Here we are at last. The mystery of all mysteries. If you have never heard of it, you probably live on another planet.  Where a huge number of aircraft and ships are said to have disappeared under paranormal circumstances. This is the Bermuda Triangle. The most dangerous, the oddest, the creepiest, the….. but wait a moment. Documented evidence says most of the incidents were spurious, inaccurately reported , or even embroidered by later imaginative authors . Also the WWF didn't include it in a 2013 study about the 10 most dangerous waters for shipping. Can it be the first worldwide example of “All Talk and No Action”. Let’s find out…
The Bermuda Triangle is a wide area of ocean between Florida, Puerto Rico, and Bermuda. Over the last few centuries, it’s thought that dozens of people have disappeared without a trace in the area. Because of its weird influence, this place earned the nickname “The Devil’s Triangle”. Thousands of people are completely sure that it’s an area of extra-terrestrial activity or that there is some bizarre natural scientific cause for the region to be hazardous; Without a doubt it’s an area in which people have experienced a great amount of bad luck. Not a Strange Doom Game.  

How does this bad reputation started? Christopher Columbus is the one to blame. According to his ship’s log, on October 8, 1492, Columbus looked down at his compass and noticed that it was giving weird readings, without alerting his crew. Of course having a compass that didn't point to magnetic north may have sent crew into a panic. And they were already a little bit angrily after lots of days wandering through the ocean.

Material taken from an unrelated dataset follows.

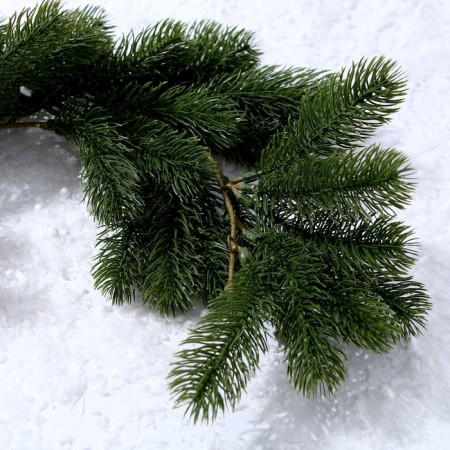 Decor "Branch of the Vysya spruce"-3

This and other reported  apparently malfunctioning compass  in the region gave rise to the theory that compasses don’t work in the Triangle, which isn't exactly right. This was just an exaggeration of what actually happened.  Despite this, in 1970 the U.S. Coast Guard, attempting to explain the reasons for disappearances in the Triangle, claimed this:

First, the “Devil’s Triangle” is one of the two places on earth that a magnetic compass does point towards true north. Normally it points toward magnetic north. The difference between the two is known as compass variation. The amount of variation changes by as much as 20 degrees as one circumnavigates the earth. If this compass variation or error is not compensated for, a navigator could find himself far off course and in deep trouble.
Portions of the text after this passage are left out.